There are two basic questions being asked of the Supreme Court:

The justices are considering two simple-sounding questions: whether the Constitution requires states to issue marriage licenses to same-sex couples and, if not, whether states must recognize same-sex marriages performed in other states where they are legal.

But the arguments were filled with discussions of equal protection and fundamental liberties, how an understanding of the Constitution changes with society, and when majority rule must give way to minority rights.

 

Justice Kennedy will, in all probability, be the swing vote.  Heretofore he has been fairly progressive towards gay rights issues.  We shall see.

The real bogus argument to me is to let the people decide.  The majority of people are heterosexual.  It is human nature to defend one’s own “way” of doing things.  The rights of the minority must be protected.  We cannot count on the majority not to trample the rights of the minority.

I suggest that most social change would not have occurred if it were left up to the will of the people.  What say you on this subject?  What will the outcome of Obergefell be?

9 Thoughts to “Will same-sex marriage prevail as the law of the land?”

  1. Ed Myers

    I’m willing to let any household structure define itself as a family using marriage laws. If all members of the household register as such with the IRS or SSN by listing everyone’s social security numbers it is a family by right. They can dissolve at any time with appropriate paperwork. A website will validate relationship claims so a school, for example, can determine whether Person X has rights to see certain student records. Some of the anachronistic sexists provisions in our society (spousal benefits, alimony, etc. ) will naturally disappear when families of multiple adults (ala Friends) start asking for recognition.

    There is nothing sacred about households and how they are assembled or recognized. Religion must continue to make matrimony a sacred rite that is off limits to any government meddling.

  2. Emma

    Will LGBT folks riot, loot, and burn if they don’t get their way on this most basic human right?

    Somehow I doubt it.

    1. I doubt it also.

      I am getting tired of Baltimore.
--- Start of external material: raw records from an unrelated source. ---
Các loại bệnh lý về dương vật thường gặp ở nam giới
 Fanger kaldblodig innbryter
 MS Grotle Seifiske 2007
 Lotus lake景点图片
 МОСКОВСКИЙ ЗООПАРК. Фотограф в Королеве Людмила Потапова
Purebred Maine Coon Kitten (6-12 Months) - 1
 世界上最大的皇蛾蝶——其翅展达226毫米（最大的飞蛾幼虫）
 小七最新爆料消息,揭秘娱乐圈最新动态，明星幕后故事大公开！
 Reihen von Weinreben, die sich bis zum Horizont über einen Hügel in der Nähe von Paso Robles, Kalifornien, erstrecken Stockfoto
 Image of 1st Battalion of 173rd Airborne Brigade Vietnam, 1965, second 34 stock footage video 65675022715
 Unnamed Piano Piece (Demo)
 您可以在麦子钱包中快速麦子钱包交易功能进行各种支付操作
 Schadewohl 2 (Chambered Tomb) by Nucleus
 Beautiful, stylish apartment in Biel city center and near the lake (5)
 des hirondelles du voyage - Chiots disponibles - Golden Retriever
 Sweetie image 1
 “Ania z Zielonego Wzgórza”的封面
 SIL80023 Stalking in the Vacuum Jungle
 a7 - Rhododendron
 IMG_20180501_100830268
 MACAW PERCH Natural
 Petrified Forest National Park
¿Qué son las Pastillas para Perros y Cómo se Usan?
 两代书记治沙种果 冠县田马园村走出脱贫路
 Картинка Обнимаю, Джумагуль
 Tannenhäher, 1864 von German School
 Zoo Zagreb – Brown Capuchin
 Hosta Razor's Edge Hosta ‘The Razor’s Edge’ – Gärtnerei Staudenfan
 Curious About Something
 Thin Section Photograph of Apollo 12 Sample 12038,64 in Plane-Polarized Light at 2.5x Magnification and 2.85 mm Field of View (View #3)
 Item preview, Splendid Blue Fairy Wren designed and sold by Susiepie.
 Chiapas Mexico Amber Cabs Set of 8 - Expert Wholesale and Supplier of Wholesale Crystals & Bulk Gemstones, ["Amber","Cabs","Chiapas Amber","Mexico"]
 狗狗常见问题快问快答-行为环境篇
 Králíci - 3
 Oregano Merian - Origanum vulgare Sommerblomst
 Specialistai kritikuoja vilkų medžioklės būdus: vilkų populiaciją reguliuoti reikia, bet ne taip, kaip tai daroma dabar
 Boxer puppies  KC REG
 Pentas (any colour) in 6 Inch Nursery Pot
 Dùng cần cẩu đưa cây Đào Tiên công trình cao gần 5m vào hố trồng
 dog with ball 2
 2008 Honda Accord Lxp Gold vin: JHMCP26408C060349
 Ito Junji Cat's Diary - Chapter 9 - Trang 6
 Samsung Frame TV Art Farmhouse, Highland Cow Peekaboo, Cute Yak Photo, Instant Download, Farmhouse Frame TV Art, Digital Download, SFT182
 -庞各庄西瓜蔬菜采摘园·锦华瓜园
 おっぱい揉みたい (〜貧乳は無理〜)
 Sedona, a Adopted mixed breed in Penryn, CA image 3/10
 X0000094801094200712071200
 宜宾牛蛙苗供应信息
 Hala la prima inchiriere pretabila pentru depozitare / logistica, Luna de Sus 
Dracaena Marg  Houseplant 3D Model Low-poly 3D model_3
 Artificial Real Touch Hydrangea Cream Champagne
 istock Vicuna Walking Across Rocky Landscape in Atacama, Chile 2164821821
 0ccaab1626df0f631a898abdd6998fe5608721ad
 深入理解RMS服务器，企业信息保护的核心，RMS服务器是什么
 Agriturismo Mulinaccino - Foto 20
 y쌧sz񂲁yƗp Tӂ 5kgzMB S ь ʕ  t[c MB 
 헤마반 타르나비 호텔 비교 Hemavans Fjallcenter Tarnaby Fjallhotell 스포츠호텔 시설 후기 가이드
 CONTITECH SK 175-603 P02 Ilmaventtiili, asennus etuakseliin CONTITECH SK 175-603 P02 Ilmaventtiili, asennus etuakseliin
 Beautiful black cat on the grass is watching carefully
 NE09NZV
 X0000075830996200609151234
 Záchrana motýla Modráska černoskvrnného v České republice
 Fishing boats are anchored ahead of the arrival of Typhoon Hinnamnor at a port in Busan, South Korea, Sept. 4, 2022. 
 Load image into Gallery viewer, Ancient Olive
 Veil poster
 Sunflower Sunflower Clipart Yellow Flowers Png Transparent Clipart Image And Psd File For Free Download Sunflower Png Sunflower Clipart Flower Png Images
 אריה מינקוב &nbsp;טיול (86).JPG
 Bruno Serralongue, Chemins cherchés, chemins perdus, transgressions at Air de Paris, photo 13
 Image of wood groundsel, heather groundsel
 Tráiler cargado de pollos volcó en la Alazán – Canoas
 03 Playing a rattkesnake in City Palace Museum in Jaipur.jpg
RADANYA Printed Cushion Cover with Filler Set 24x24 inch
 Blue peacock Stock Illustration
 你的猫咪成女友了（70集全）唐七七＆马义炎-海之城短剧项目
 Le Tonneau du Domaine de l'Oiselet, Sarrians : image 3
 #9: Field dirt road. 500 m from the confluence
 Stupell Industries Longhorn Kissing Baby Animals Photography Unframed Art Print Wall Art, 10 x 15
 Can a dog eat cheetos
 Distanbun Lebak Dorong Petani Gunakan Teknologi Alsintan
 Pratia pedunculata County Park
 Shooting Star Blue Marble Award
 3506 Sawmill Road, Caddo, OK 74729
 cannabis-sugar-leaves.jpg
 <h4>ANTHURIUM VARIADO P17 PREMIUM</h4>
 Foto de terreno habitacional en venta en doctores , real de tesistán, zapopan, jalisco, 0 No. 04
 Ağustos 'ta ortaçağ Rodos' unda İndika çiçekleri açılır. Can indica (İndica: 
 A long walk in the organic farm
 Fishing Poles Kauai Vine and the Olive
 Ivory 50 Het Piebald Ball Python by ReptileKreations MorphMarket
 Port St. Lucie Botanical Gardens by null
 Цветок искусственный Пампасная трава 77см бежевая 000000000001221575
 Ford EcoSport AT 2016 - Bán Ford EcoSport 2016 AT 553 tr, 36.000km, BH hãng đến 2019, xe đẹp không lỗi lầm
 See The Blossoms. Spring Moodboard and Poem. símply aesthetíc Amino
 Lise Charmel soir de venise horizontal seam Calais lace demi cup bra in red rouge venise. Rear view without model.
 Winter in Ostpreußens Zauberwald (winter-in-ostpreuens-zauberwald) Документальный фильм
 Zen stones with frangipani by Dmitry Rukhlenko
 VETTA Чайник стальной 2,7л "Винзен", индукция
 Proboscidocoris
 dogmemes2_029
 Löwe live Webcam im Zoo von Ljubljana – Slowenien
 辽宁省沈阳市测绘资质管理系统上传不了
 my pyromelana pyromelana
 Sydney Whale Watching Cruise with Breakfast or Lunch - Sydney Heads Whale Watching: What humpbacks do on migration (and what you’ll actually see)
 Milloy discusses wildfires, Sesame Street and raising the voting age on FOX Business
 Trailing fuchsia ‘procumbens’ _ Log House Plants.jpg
At what point are these people just rounded up and jailed for rioting, looting and burning.

  3. Cargosquid

    I predict that the court will say that the states must allow it.

    If they were willing to follow the Constitution….. They would allow the states to define what they thought marriage should be….but enforce equal protection so that states must recognize marriages from other states.

    IOW…the states don’t have to marry you. But they must recognize another state’s marriage.

    1. Using that criteria, we would not have ended segregation. It would have been up to the states.

      I hope you are right though about the courts.

  4. Jackson Bills

    Will same sex marriage be law of the land? Eh, maybe not. I think it will be a states issue when all is said and done.

    Look, I personally think if a man wants to marry a man or a woman wants to marry a woman then so be it. I have abesolutely no issues with gay marriage. I have gay people in my family; Some married and some not. The only difference is where they live.

  5. Ed Myers

    With current mobility a couple can travel through 5 or 6 states in one day and work/live in different ones. To have each state create a different set of marriage rules for that couple is not very governmentally efficient. Standardization is needed and nationalization of marriage will reduce the burden of government on marriage more than having 50 governments regulating marriage. Smaller government argument does not always equate to supporting state’s rights.

  6. Scout

    I see nothing wrong with different states having different conditions for licensing, whether it be marriage, hunting, electrical contracting, or dog possession. I also don’t believe, at least not as a general principle, that states have to honor the licenses granted by other states with differing standards. If that were the general rule, the least demanding state would always control (Think, for example, of how nuts it would be, given Virginia’ completely lax standards for issuing concealed carry permits, if New York had to honor such a permit when a fearful, packing, palsied, senile, anger-driven Virginian with a CCP goes to the Big Apple to take in a Broadway show).

    But the fundamental issue in the case heard this past week before the Supreme Court is whether a state can create and dispense legal status and privilege to opposite sex couples while denying that same status to same sex couples. The jurisprudence we have to guide us under the XIVth Amendment indicates that such distinctions can’t be arbitrary and have to have at least some intelligible rationale, and, in some cases a very compelling rationale. Thus far, the reasons advanced for the distinction in the marriage context are pretty fragile and it seemed like a majority of the Court understood how insubstantial those arguments were.